**** Given material ****
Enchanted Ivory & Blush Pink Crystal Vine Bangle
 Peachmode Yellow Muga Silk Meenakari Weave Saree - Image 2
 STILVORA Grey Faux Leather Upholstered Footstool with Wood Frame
****
Reproduce the listing above in full, word for word.

Enchanted Ivory & Blush Pink Crystal Vine Bangle
 Peachmode Yellow Muga Silk Meenakari Weave Saree - Image 2
 STILVORA Grey Faux Leather Upholstered Footstool with Wood Frame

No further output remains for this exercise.